→ Prompt:
Your reply should consist only of the lines from the one with "ZLINE Autograph Edition" through the end of the entries, transcribed exactly. Pictures stay out.

BEGIN

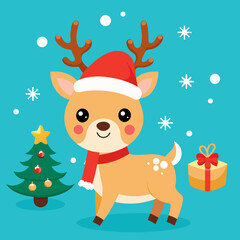 Merry Christmas, Happy New Year and Funny Baby Reindeer with Santa Hat Vector Illustration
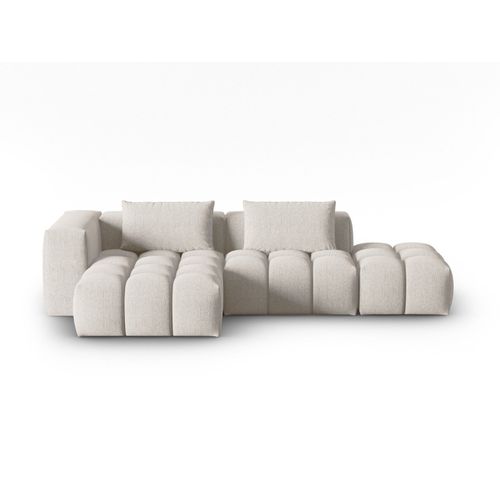 Canapé D'angle Gauche Modulable 4 Places En Tissu Structurel Beige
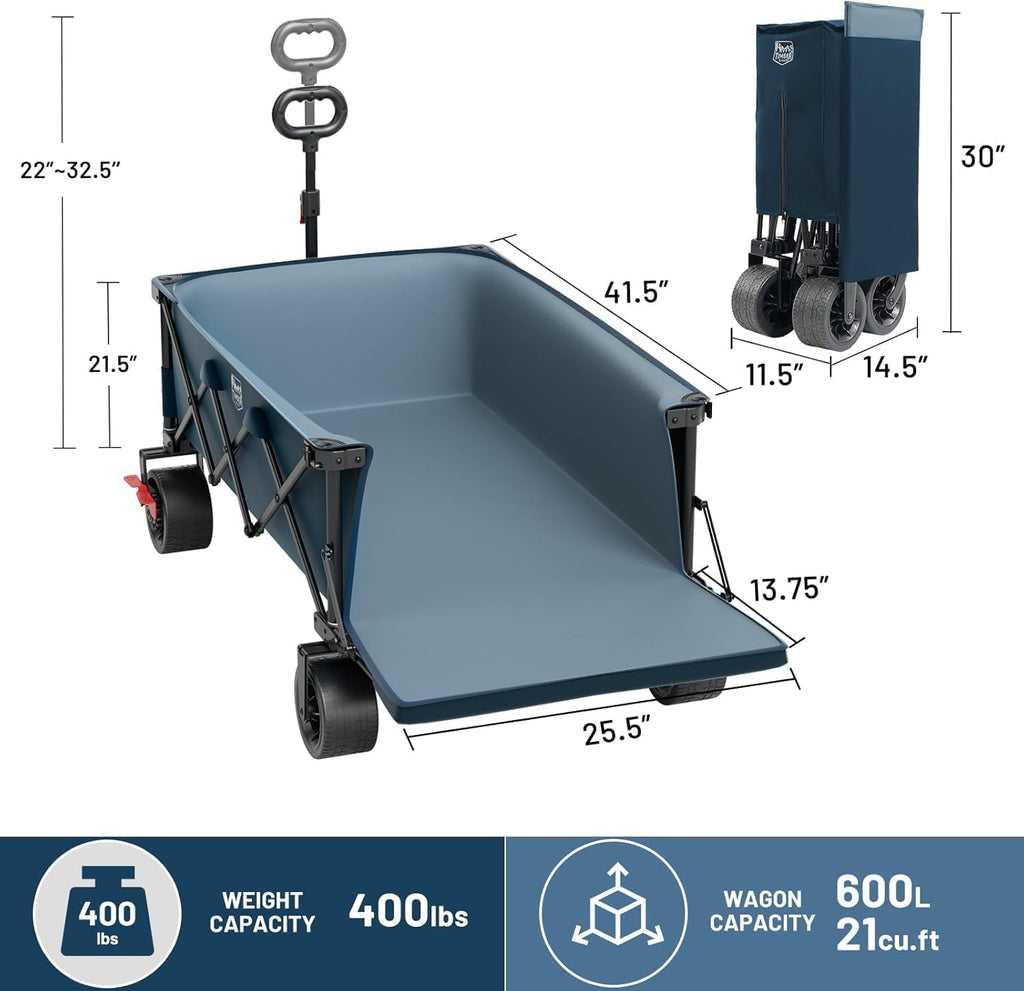 Timber Ridge 600L Beast Wagon 26' W Extra Wide All Terrain Folding w/Big Wheels, Cargo Net & Tailgate, 26' W and 55.25' L, 500lbs Heavy Duty Collapsible Portable Cart for Camping, Sports, Dogs, Blue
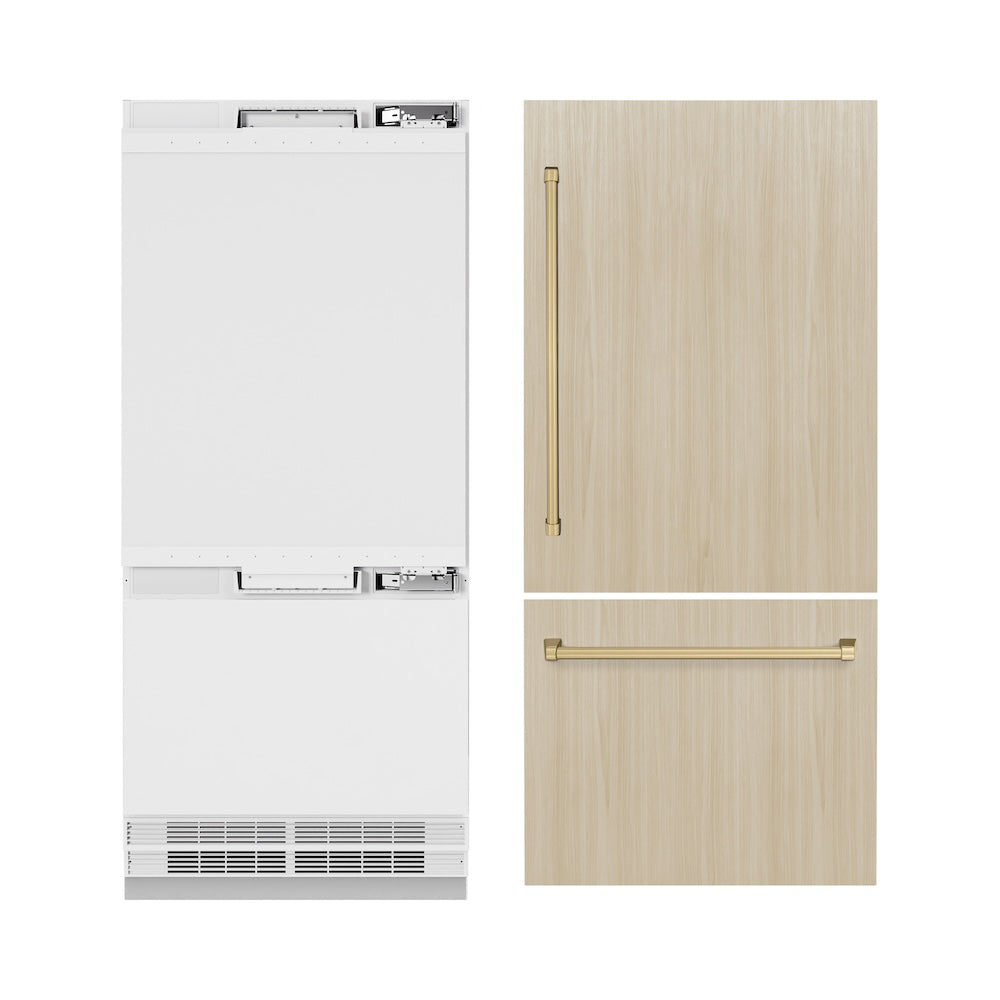 ZLINE Autograph Edition 36 Inch Panel Ready Built-In Bottom Freezer Refrigerator - 19.8 cu ft Capacity with Water Dispenser & Ice Maker - Champagne Bronze Accents (RBITZ 36 CB) - Perfect for Modern Kitchens & Luxury Homes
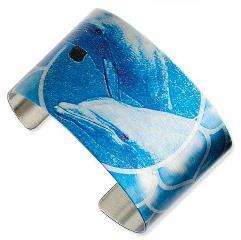 Wyland Collection Stainless Blue Dolphins Cuff Bangle  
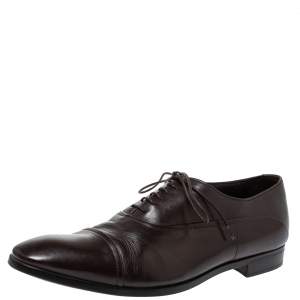 Giorgio Armani Brown Leather Classic Oxfords Size 42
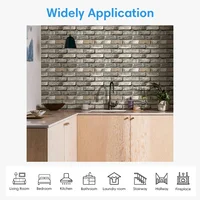 10 ชิ้น/20 ชิ้น 3D Faux Brick Peel และ Stick ผนังแผงกันน้ํา PVC ผนังแผงสําหรับห้องครัว, ห้องนั่งเล่น, ผนังตกแต่ง 6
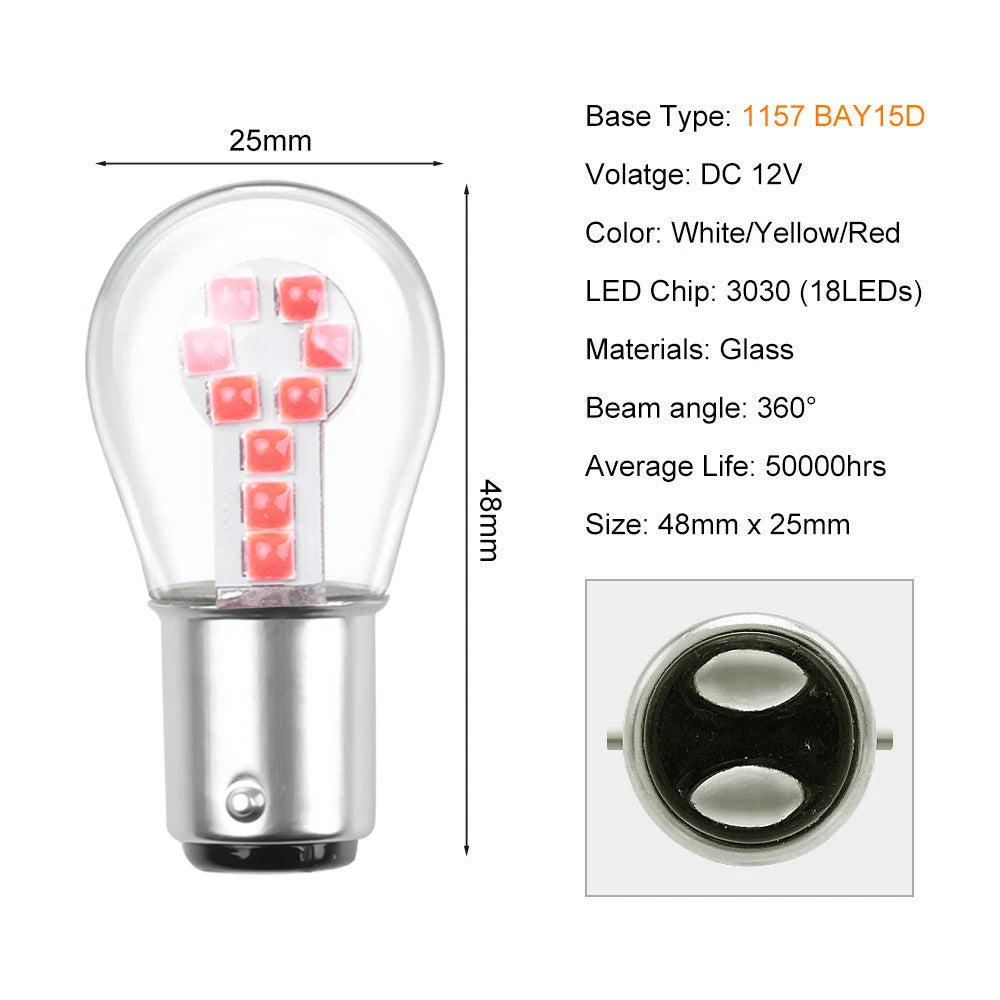 Bright LED Replacement Car Signal and Brake Light Bulb - 8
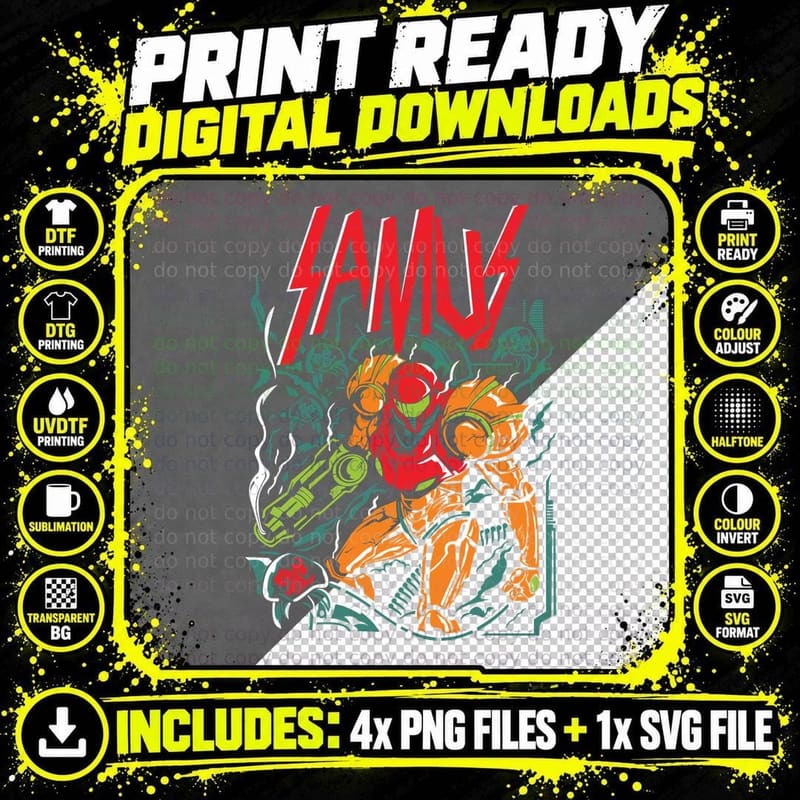 Samus Metroid Bounty Hunter Orange Power Armor Arm Png SVG Digital Bundle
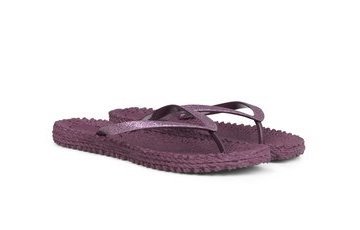 Ilse Jacobsen teenslipper met glitter Wijnrood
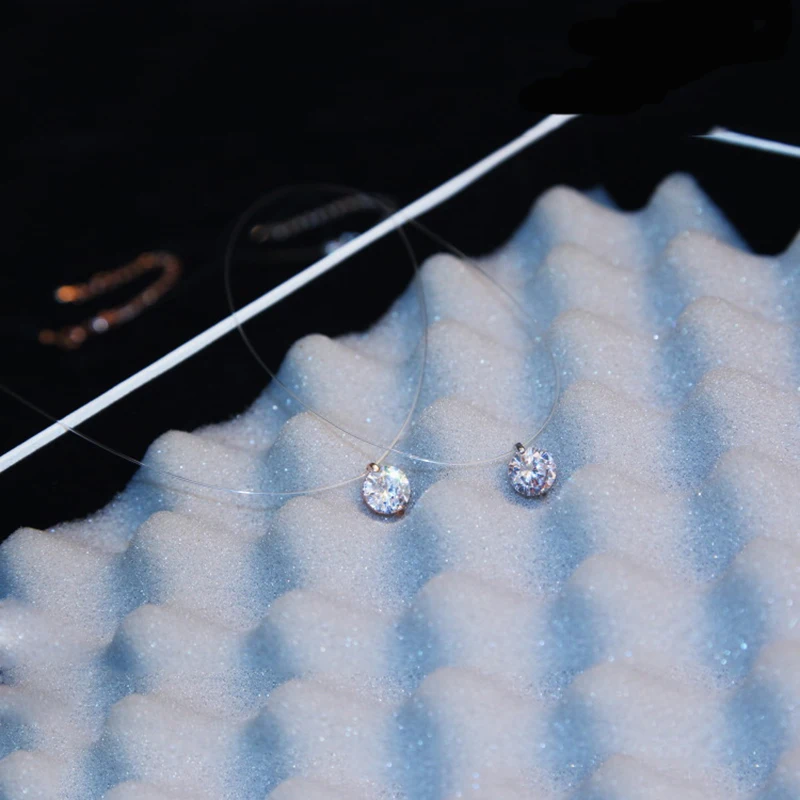 Креативное прозрачное блестящее кубическое ожерелье в виде лески со стразами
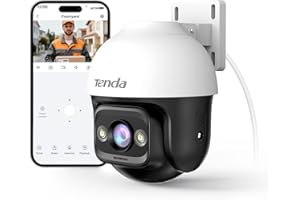 Tenda Telecamera Wi-Fi Esterno, 2K Videocamera Sorveglianza con Visione Notturna a Colori, IP Cam 360°, Audio Bidirezionale, Rilevamento di Movimento e Persone, Compatibile con Alexa, CH3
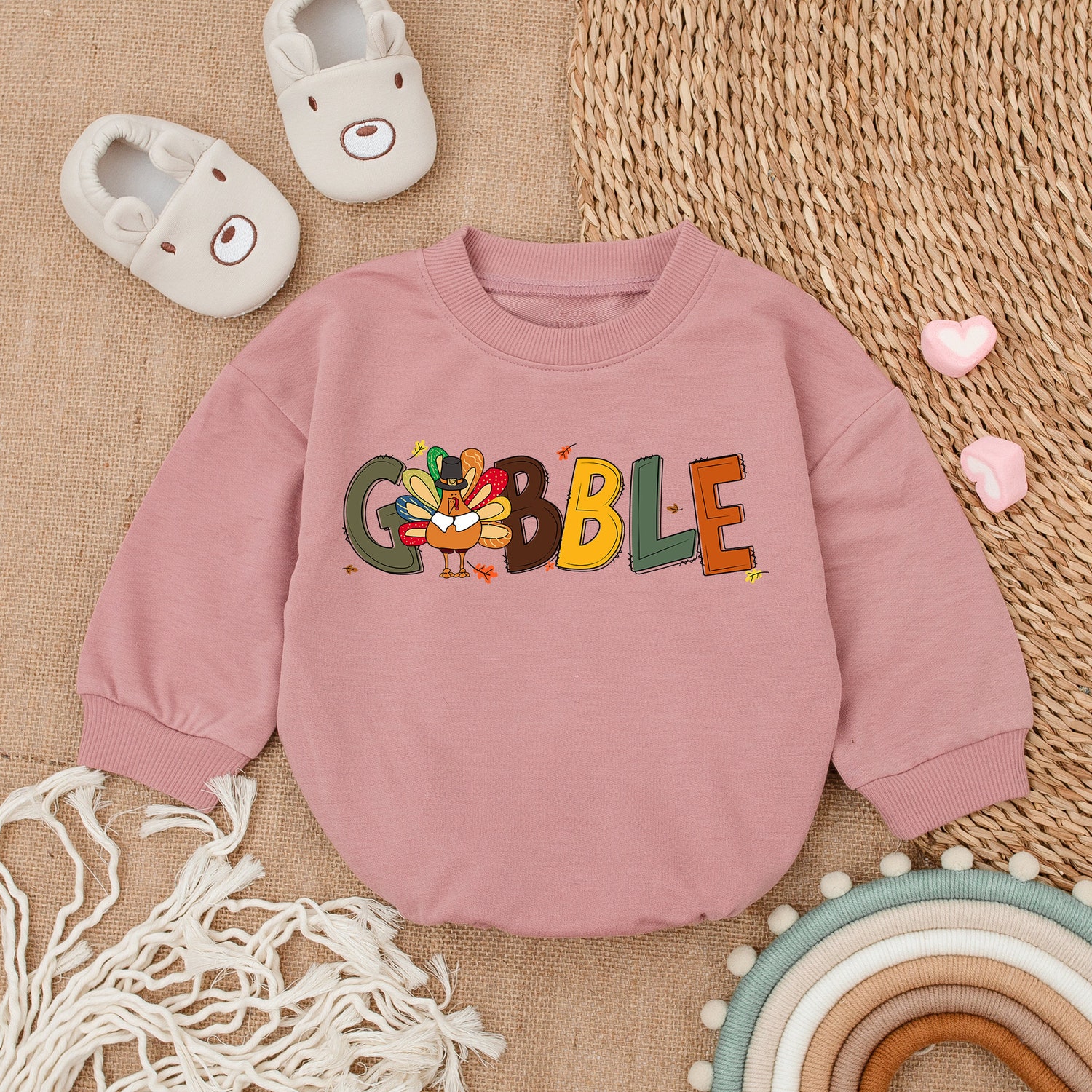 Thanksgiving Baby Romper Gobble Fall Bodysuit First Thanksgiving Outfit Baby Shower Gift image 2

END

→ Reply:
 ZLINE Autograph Edition 36 Inch Panel Ready Built-In Bottom Freezer Refrigerator - 19.8 cu ft Capacity with Water Dispenser & Ice Maker - Champagne Bronze Accents (RBITZ 36 CB) - Perfect for Modern Kitchens & Luxury Homes
 Wyland Collection Stainless Blue Dolphins Cuff Bangle  
 Giorgio Armani Brown Leather Classic Oxfords Size 42
 10 ชิ้น/20 ชิ้น 3D Faux Brick Peel และ Stick ผนังแผงกันน้ํา PVC ผนังแผงสําหรับห้องครัว, ห้องนั่งเล่น, ผนังตกแต่ง 6
 Bright LED Replacement Car Signal and Brake Light Bulb - 8
 Samus Metroid Bounty Hunter Orange Power Armor Arm Png SVG Digital Bundle
 Ilse Jacobsen teenslipper met glitter Wijnrood
 Креативное прозрачное блестящее кубическое ожерелье в виде лески со стразами
 Tenda Telecamera Wi-Fi Esterno, 2K Videocamera Sorveglianza con Visione Notturna a Colori, IP Cam 360°, Audio Bidirezionale, Rilevamento di Movimento e Persone, Compatibile con Alexa, CH3
 Thanksgiving Baby Romper Gobble Fall Bodysuit First Thanksgiving Outfit Baby Shower Gift image 2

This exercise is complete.